Parece ser hábito dos jovens (e menos jovens?) inundar com currículos empresas e tudo o que parece ser empresa (até eu já recebi “candidaturas espontâneas” para o modesto blogue pessoal que mantenho). E parece ser hábito nas empresas nem olhar com profundidade para a chuva de “candidaturas espontâneas” que lhes chegam por correio electrónico, tal é a quantidade (e a qualidade…)
No entanto, talvez, à luz do precedente aberto pelo “Expresso”, seja útil aos candidatos incluírem a sua sexualidade no currículo, de preferência com a sua classificação (assumidos, ou não). Seria, decerto, um elemento sugestivo para captar a atenção dos destinatários dos currículos e, já agora e em nome da transparência, aumentar até as possibilidades de contratação, por interesse personalizado de quem contrata. 
E isto só para começar, porque há muitos outros pormenores pessoais que se podem sempre incluir…


sexta-feira, 9 de setembro de 2016

Falta de cuidado


Quando comecei a vir regularmente para Caldas da Rainha e antes mesmo de me fixar aqui, optei por assinar um dos jornais regionais, a "Gazeta das Caldas", para o ter na caixa do correio quando chegava ao fim-de-semana e saber, pelo menos, uma parte do que se passava no concelho.
Tornei-me assinante do outro, o "Jornal das Caldas", mais tarde.
Continuo a manter-me assinante, acho que o devo ser (como jornalista que já fui, não posso deixar de ter um fraquinho pelos jornais regionais que, com óbvias dificuldades, vão cumprindo as suas obrigações informativas e pelos seus profissionais) mas quando, como ontem, fui renovar as assinaturas e me deparei com as edições desta semana... bem, às vezes quase me arrependo.





Não é desta semana mas tem sido constante: a campanha eleitoral (nem vale a pena usar o eufemismo "pré-eleitoral") do presidente da Câmara Municipal, que o quer ser outra vez. Todas as semanas aparece várias vezes no conjunto dos dois jornais.
Há sessões oficiais e outras que nem tanto, há protocolos e outras coisas parecidas, há a mais descarada das acções de propaganda que imaginar se possa... e ele lá está.
A "Gazeta" e o "Jornal" poderão ter favores a pagar, podem não arranjar maneira de se distanciarem, podem com toda a convicção apoiar o PSD local (e contraditoriamente, no caso da "Gazeta", abominar o PSD nacional).
Mas, caramba, há eleições daqui a um ano. E este presidente é candidato.
É claro que os restantes partidos andam completamente alheados da coisa e talvez até já tenham como certa a vitória do PSD local. Ou ela lhes convenha. Mas o alheamento dos outros protagonistas não justifica o excesso.

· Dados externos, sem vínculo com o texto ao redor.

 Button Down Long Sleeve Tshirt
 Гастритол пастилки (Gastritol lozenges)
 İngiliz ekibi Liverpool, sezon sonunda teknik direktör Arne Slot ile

Nem o descuido da falta de objectividade.





"A colheita das pera já começou", "As peras têm de colhidas com pé e colocadas com cuidado no balde", "Após ser colhida das árvores para o balde, são depositadas deste no palote"... Isto são legendas de algumas das fotografias de uma reportagem sobre a apanha da pera rocha no "Jornal das Caldas".
Interessante, a reportagem é um paradigma do que não se deve fazer. Não são só as legendas. É o facto de no seu espaço aparecer um anúncio da empresa agrícola onde é feita a reportagem, sugerindo que a reportagem está mais no campo da publicidade do que no do jornalismo.
Mas pior é o retrato dos que andam à apanha e, em especial, de duas pessoas.
Com nome e fotografia, confessam que estão desempregadas e o fazem pelo dinheiro. É um mecanismo social e económico natural. Mas... estarão estas pessoas a receber subsídio de desemprego? Se estiverem, fica exposta a prevaricação.
Este é um problema da imprensa regional: a falta de cuidado e de algum profissionalismo. O "Jornal das Caldas", que demonstra uma postura mais simpática do que a arrogante direcção da "Gazeta", pode decerto resolvê-lo.